Here are three key facts to understand the President’s 2016 budget request for the Department of Housing and Urban Development (HUD) in its broader budget, policy, and political contexts:
1. The proposed funding increase is much more modest than it may initially appear.
The President’s $41.0 billion HUD request for 2016 is $6.2 billion, or 18 percent, higher than 2015 funding. But $2.3 billion of that $6.2 billion reflects the expected decline in income from HUD’s mortgage insurance programs as the mortgage credit market continues to recover and HUD reduces its fees for insuring Federal Housing Administration mortgages. Income from the mortgage insurance programs helps fund other HUD programs.
Apart from those changes in net receipts, the budget would raise HUD’s 2016 program and operations budget by $4 billion or 8.7 percent, relative to 2015. And even with this increase …

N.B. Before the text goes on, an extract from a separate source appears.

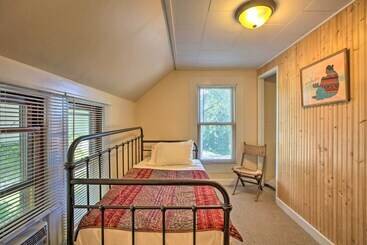 Сельский дом Pet Friendly Home W/ Views Of Lake Delavan!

… total funding for HUD’s core housing assistance and community development programs in 2016 would remain 6.1 percent below the 2010 level, adjusted for inflation (see below graph).

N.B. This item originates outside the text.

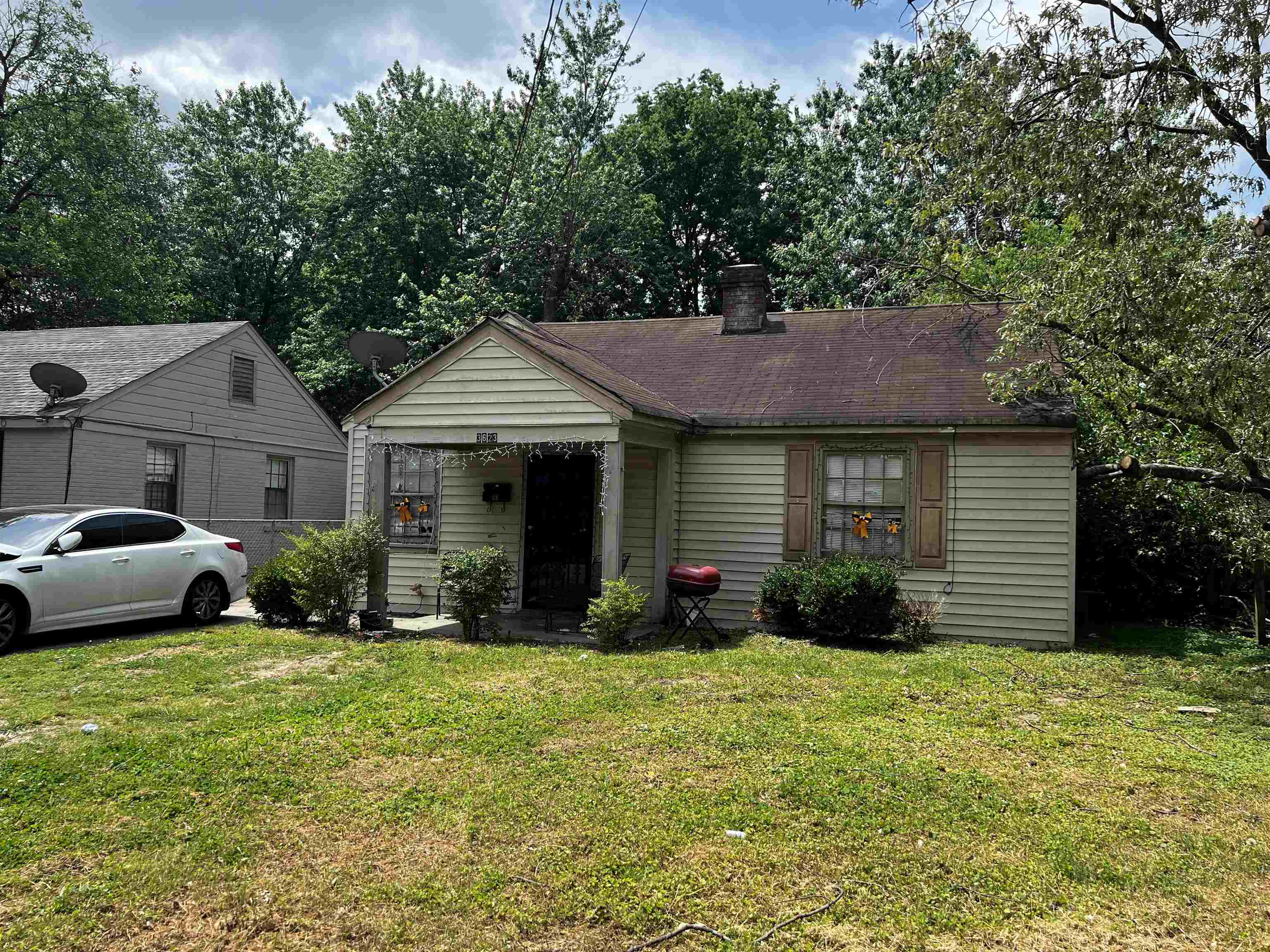 Lloyd Cir, Memphis, TN 38108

2. The lion’s share of added resources would go to sustaining rental assistance for the 4.6 million low-income families that now receive it, fully restoring Housing Choice Vouchers lost due to sequestration, and doing more to reduce homelessness.
The cost of sustaining assistance for families assisted by the two Section 8 rental assistance programs—Housing Choice Vouchers and Project-based Rental Assistance (PBRA)—will rise more in 2016 than in recent years. Congress provided much less funding for PBRA for 2015 than the program’s actual 12-month cost because it relied in part on substantial one-time savings from converting funding renewals from a fiscal year to a calendar year. In 2016, funding must revert to the full annual cost of contract renewals, which will require an additional $1 billion. Failure to provide this increase would place at risk rental assistance for thousands of low-income households, about two-thirds of which include seniors or people with disabilities.
In addition, after sequestration forced state and local housing agencies to reduce by some 100,000 the number of families using Housing Choice Vouchers, Congress provided sufficient funds in 2014 and 2015 to enable agencies to restore roughly a third of those vouchers. In anticipation of this, the President has requested an $850 million increase in funding to renew assistance for 2.2 million families using vouchers, which should be sufficient to cover inflation in rent and utility costs as well as the costs of vouchers that agencies restore this year (and the additional vouchers for homeless veterans and families shifted from other rental assistance programs—so-called “tenant protection” vouchers—that Congress funded in 2015).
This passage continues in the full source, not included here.